Finnish political satire television series

Ihmisten puolue was a Finnish political satire television series that was broadcast on Yle TV1 from 30 August 2008 to 29 May 2010. The series was produced by Filmiteollisuus. It was directed by Atte Järvinen and written by Järvinen and Reino Portimo.

== Premise ==

Ihmisten puolue features a fictional Finnish party called Ihmisten puolue (literally "The Humans' Party"). The party is very small and does not have any seats in the Parliament of Finland or in municipal councils. Five members of the party gather weekly to discuss current topics and to decide the party's stance on them. The party members usually argue about everything because their opinions differ wildly from one another.

== Cast ==

Members of the party were portrayed by the following actors:
- Taneli Mäkelä as Tapani "Tapsa" Riihimäki, a diplomi-insinööri and the weak-willed leader of the party. Whenever a discussion gets out of hand, he tries—usually in vain—to rein it back in. He sometimes takes it upon himself to make decisions despite the others' objections.
- Mari Perankoski as Päivi Teittinen, a spirited, impulsive karaoke DJ. Her suggestions are usually outlandish and impractical, but she still manages to get the others on her side, much to Tapsa's dismay.

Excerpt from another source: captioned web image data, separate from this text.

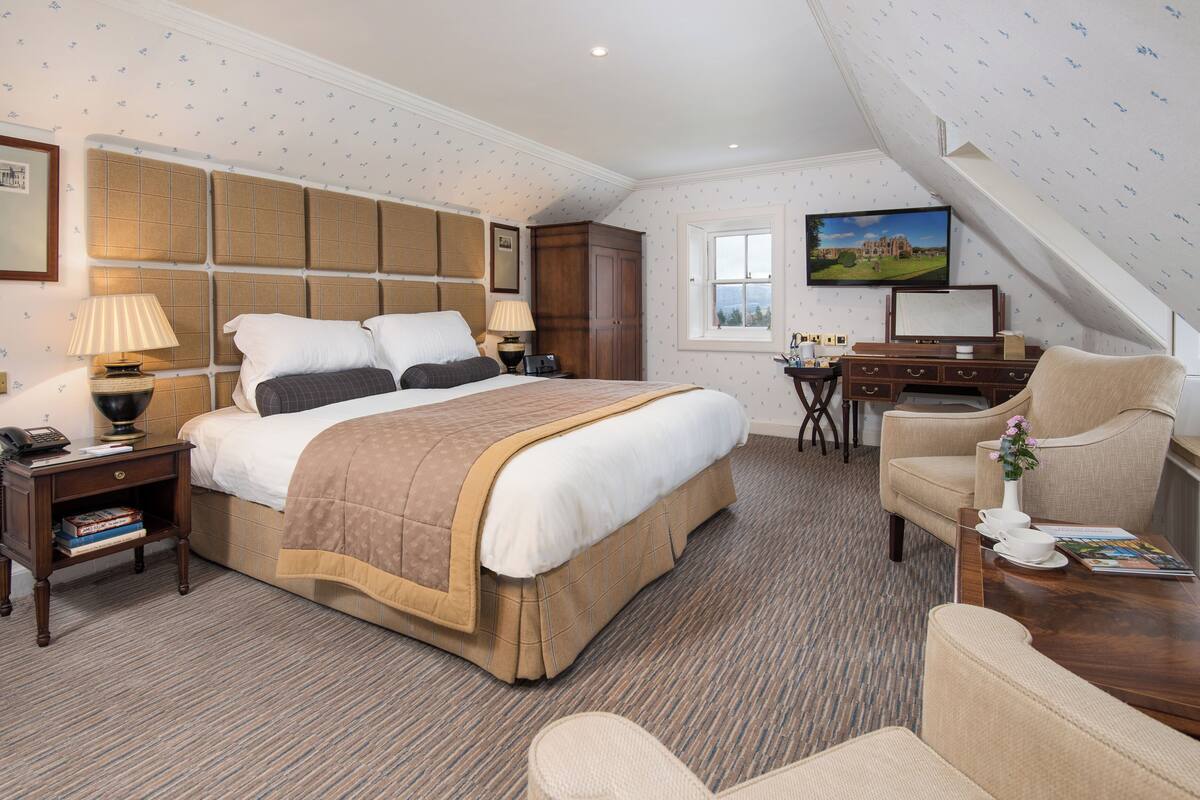 Habitación de hotel con una cama grande, un escritorio, una silla, un televisor y una ventana.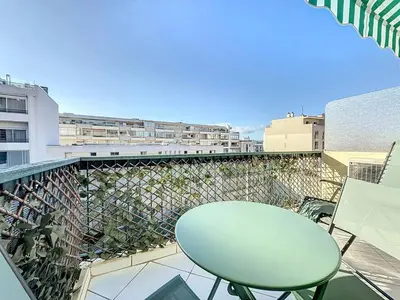 a balcony with a table and chairs on a building at INTUITION Studio avec terrasse 3min Croisette in Cannes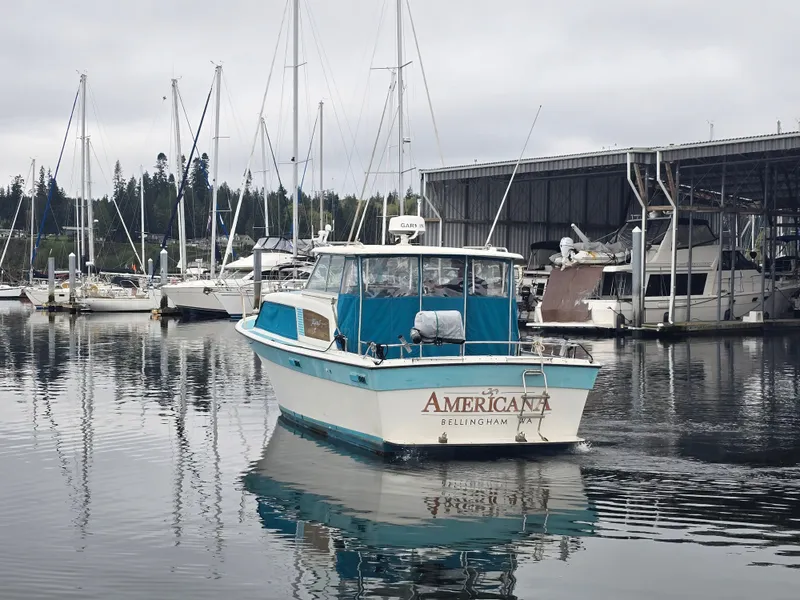 Slide: The Image of 1968 Tollycraft Royal Express in harbor with sailboats. - 3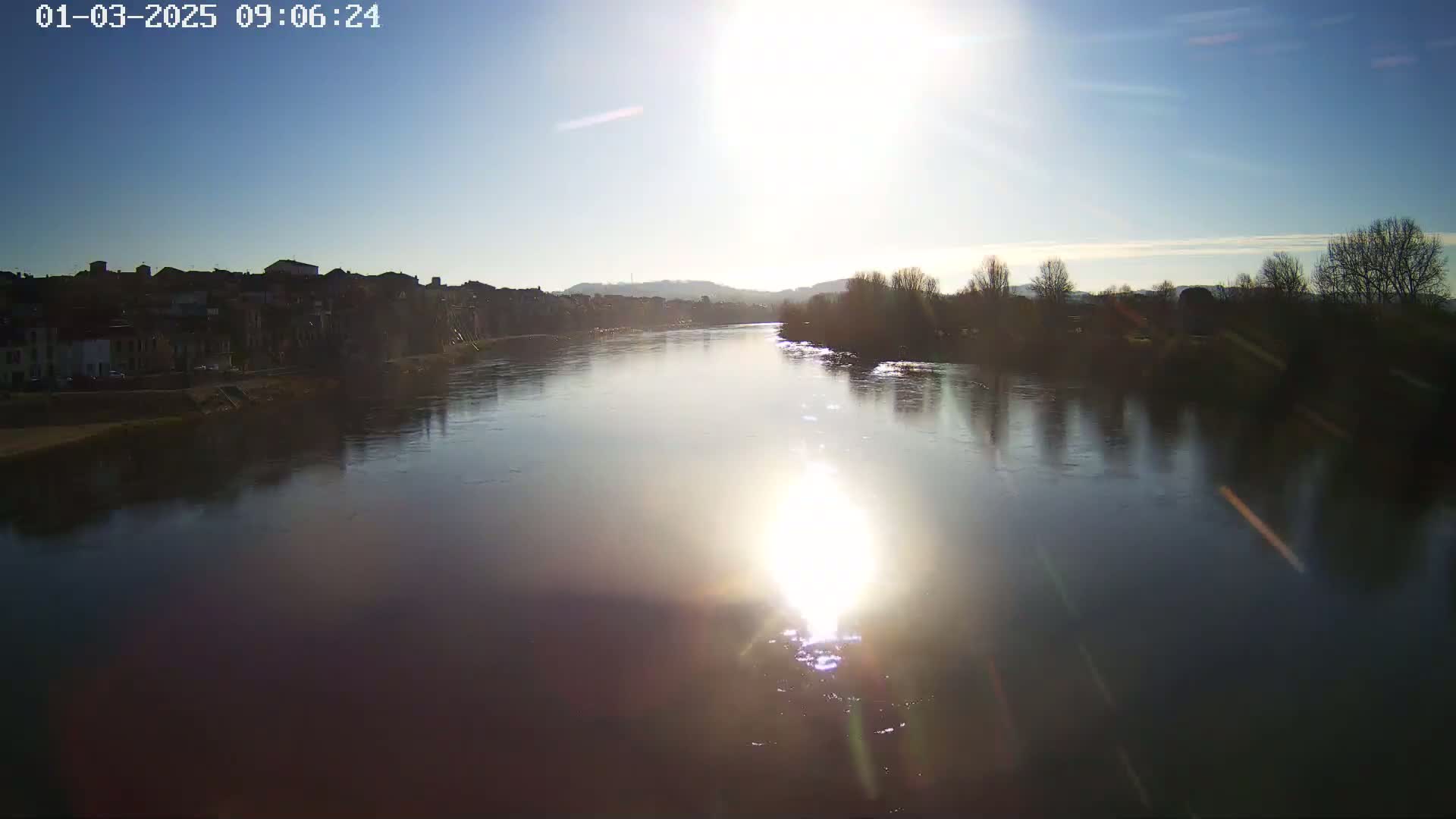 A bright sun shines over a calm river flowing past a town on a clear day.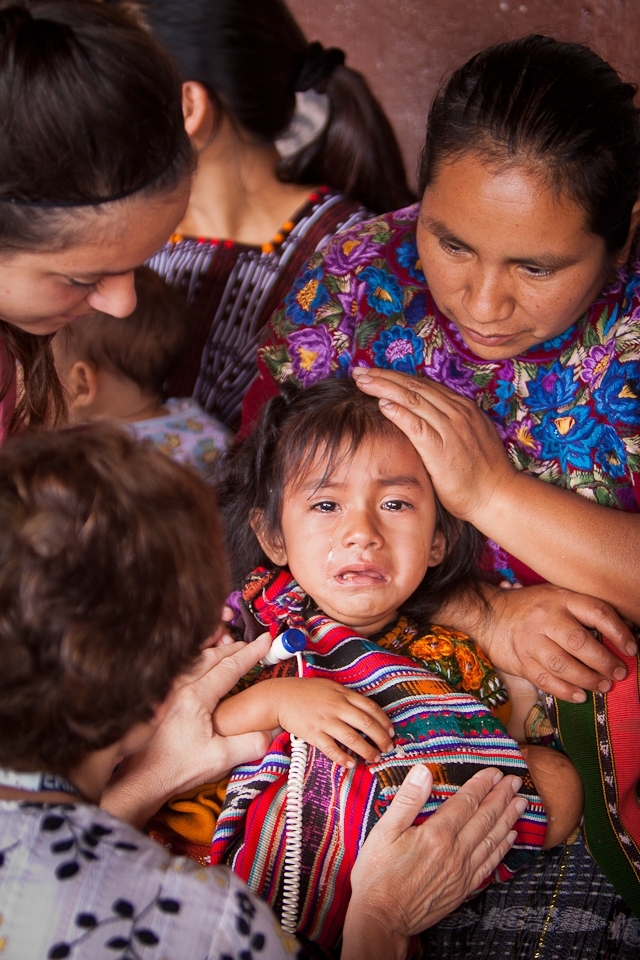 This young girl broke out crying while being treated for a sickness at the medical clinic. Two doctors and the girl's mother were quick to care for the ill child.
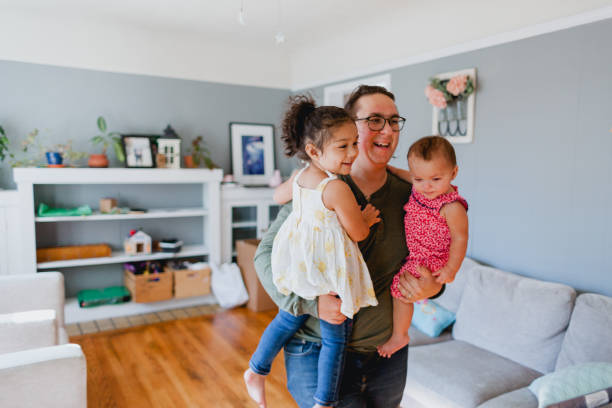 istock Father and Daughters Happily Playing Together At Home 1425282876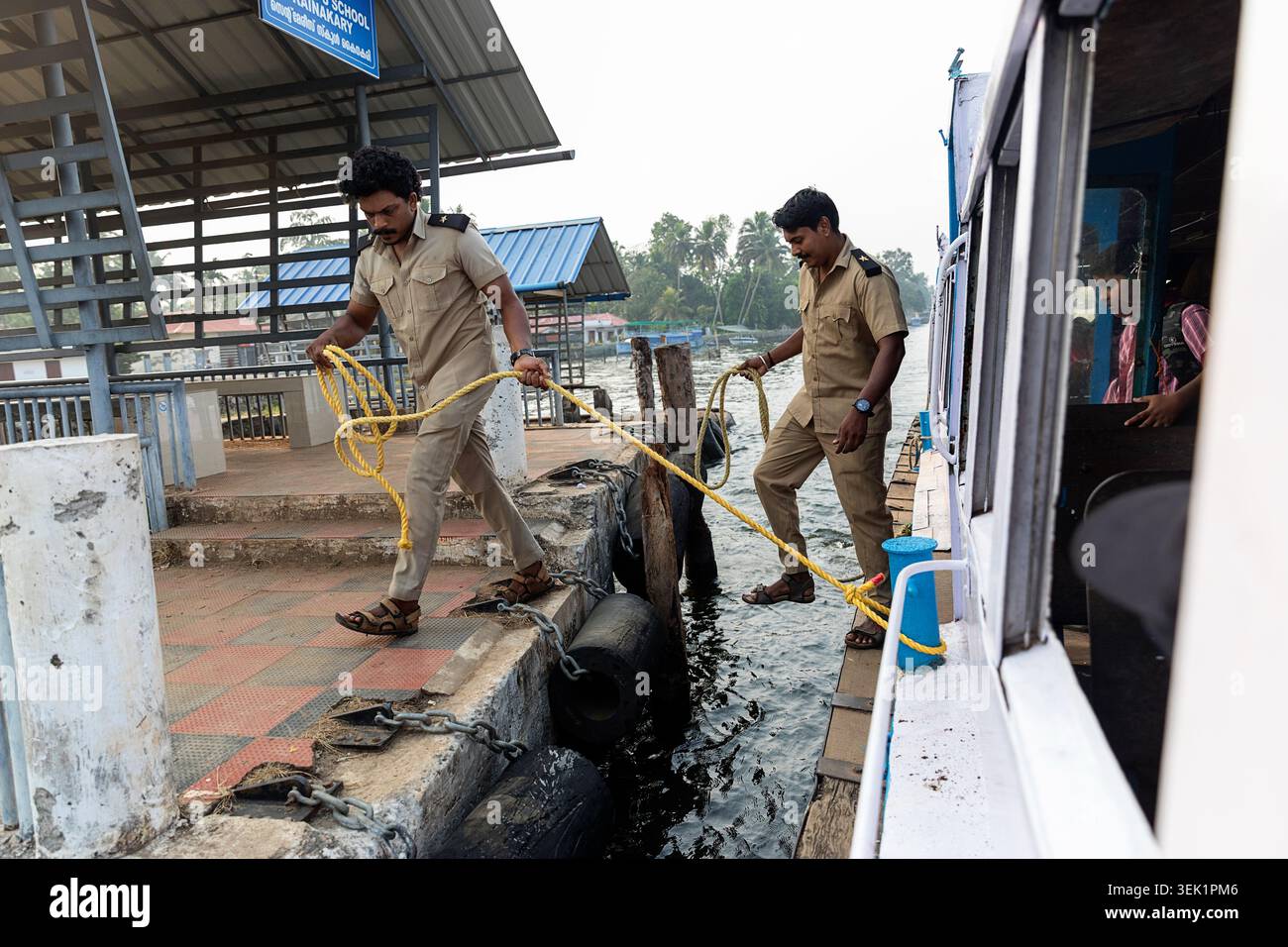 Membres de l'équipage de ferry en uniformes kaki manipulant des cordes d'amarrage alors qu'un bateau public à passagers arrive à une jetée, Alleppey (Alappuzha), Kerala, Inde Banque D'Images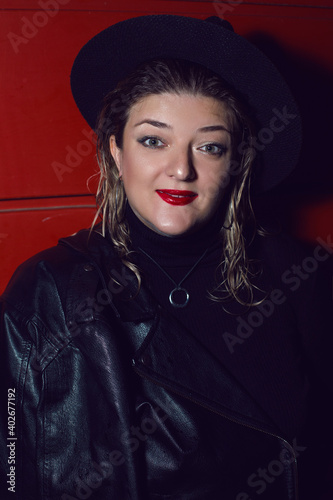 woman in black hat and leather jacket on red background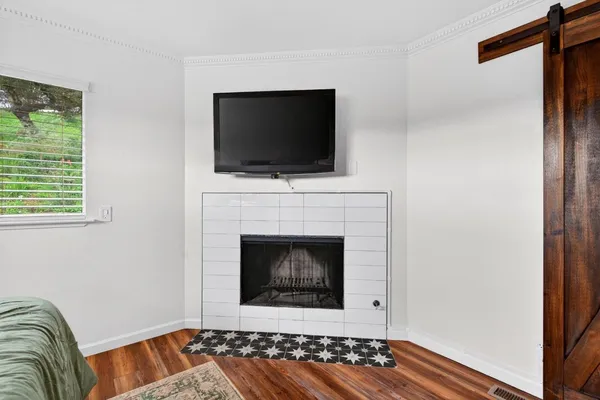 a living room with a fireplace and a flat screen tv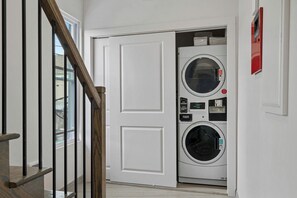 A laundry room with a front-loading washer and dryer, a wooden staircase, and a white door.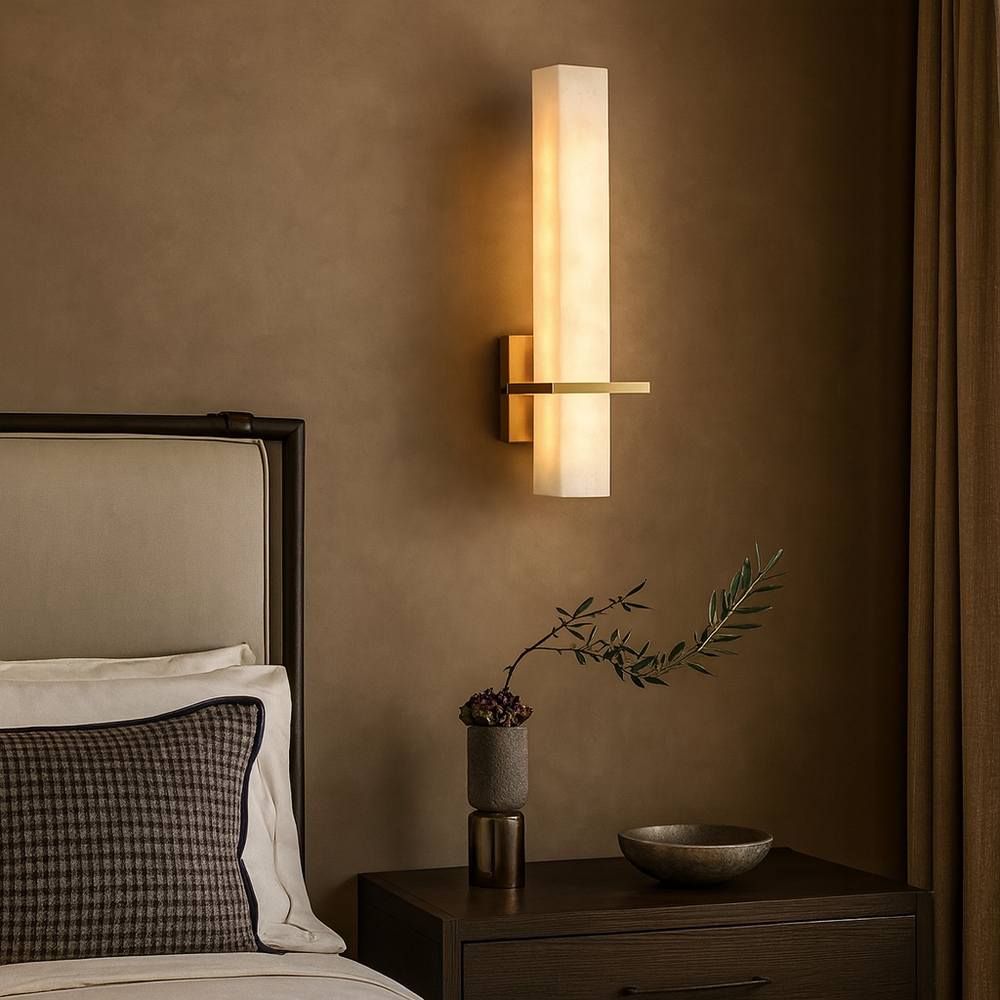 
                  
                    A Varella Natural Marble Wall Sconce by Morsale.com with a tall frosted light and brass accent is mounted above a dark nightstand holding a small vase, plant, and bowl next to a bed with checked pillow and upholstered headboard.
                  
                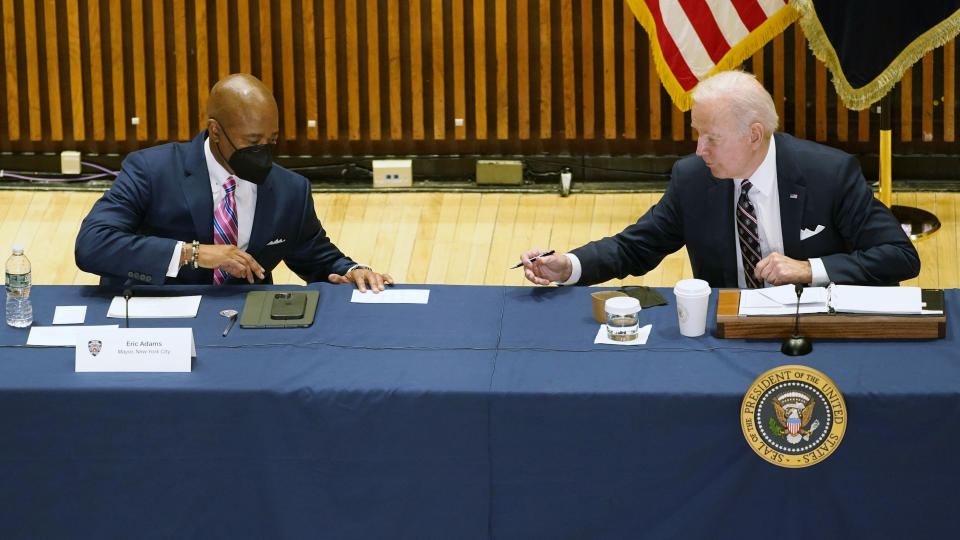 President Joe Biden hands a note to New York City Mayor Eric Adams during a discussion on gun violence strategies, at police headquarters, Thursday, Feb. 3, 2022, in New York. (AP Photo/Alex Brandon)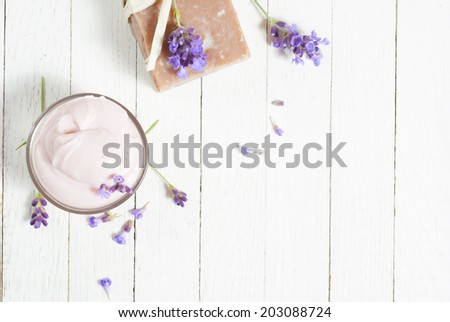 lavender creams and soap with flowers on white wood table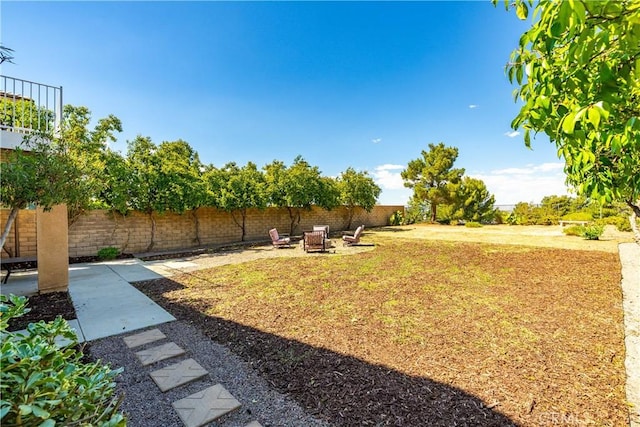 view of yard with fence, an outdoor fire pit, and a patio area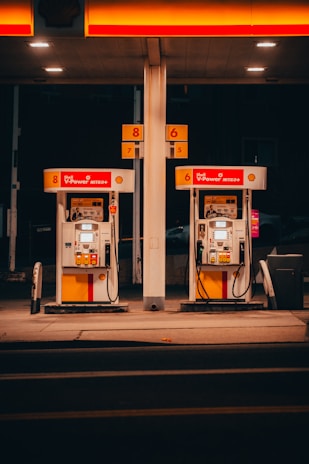 A pair of gas pumps stand under an illuminated canopy, with vibrant red and yellow colors. The pumps belong to a Shell gas station, displaying the V-Power Nitro+ branding. The setting is dimly lit, suggesting nighttime or evening.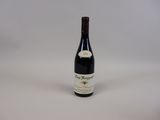 a bottle of wine that is sitting on a table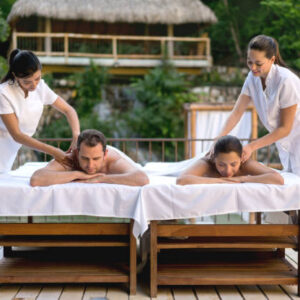 Happy couple getting a back massage outdoors at the spa by two beautiful masseuses - lifestyle concepts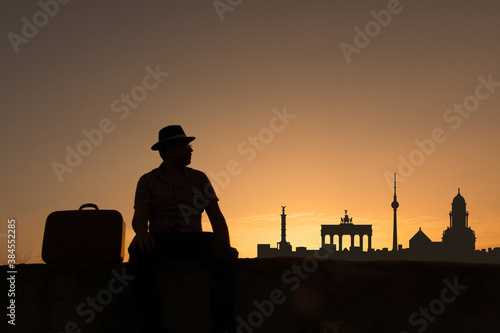 man in front of berlin city skyline in germany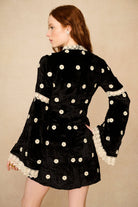 Black dress with white polka dots and lace details on a beige background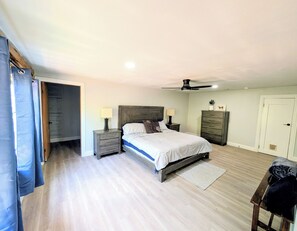Een slaapkamer met een bed, nachtkastjes, een plafondventilator, een dressoir en een deur.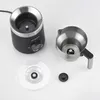 A disassembled milk frother with its components laid out on a white background. Produktbild-Vorschau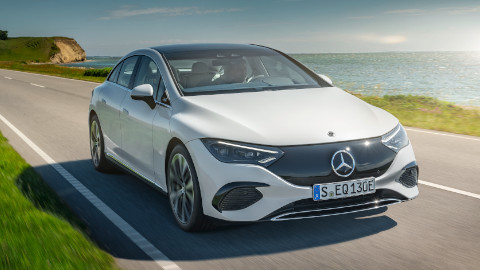 White EQE by Mercedes EQ Exterior Front Driving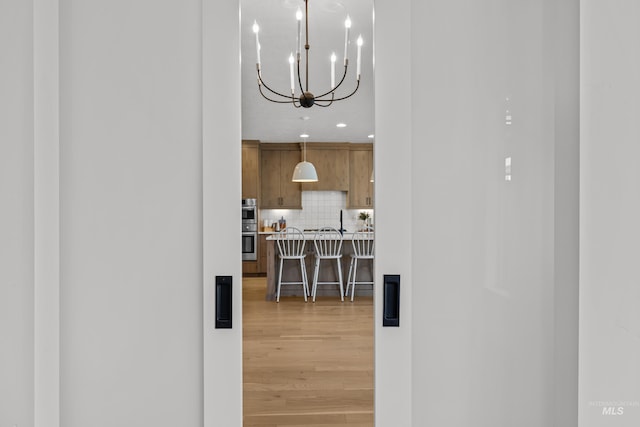 kitchen with wood-type flooring, double oven, a breakfast bar, an inviting chandelier, and tasteful backsplash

She and Topi-Petteri are heavily implied to have feelings for one another, but neither of them is willing to admit it.
- Asko Sahlman as Hannes Säkkijärvi, a left-wing offset printer. He's often at odds with Topi-Petteri, who's on the other end of the political spectrum.
- Kari Hietalahti as Topi-Petteri Saikkonen, a right-wing entrepreneur. Since he and Hannes have clashing political views, the two often lock horns. Topi-Petteri is often the first to side with Päivi in discussions; it is also implied from time to time that the two have feelings for each other.
- Kaija Pakarinen as Regina Mälkki, a kind-hearted masseuse who is easily influenced by the other party members. She has a seven-year-old son, Jusu-Petteri, whom she loves to brag about.

== Awards ==

Ihmisten puolue won a Venla Award for the best entertainment program in 2009 and a Kultainen Venla Award for the best entertainment and music program in 2010.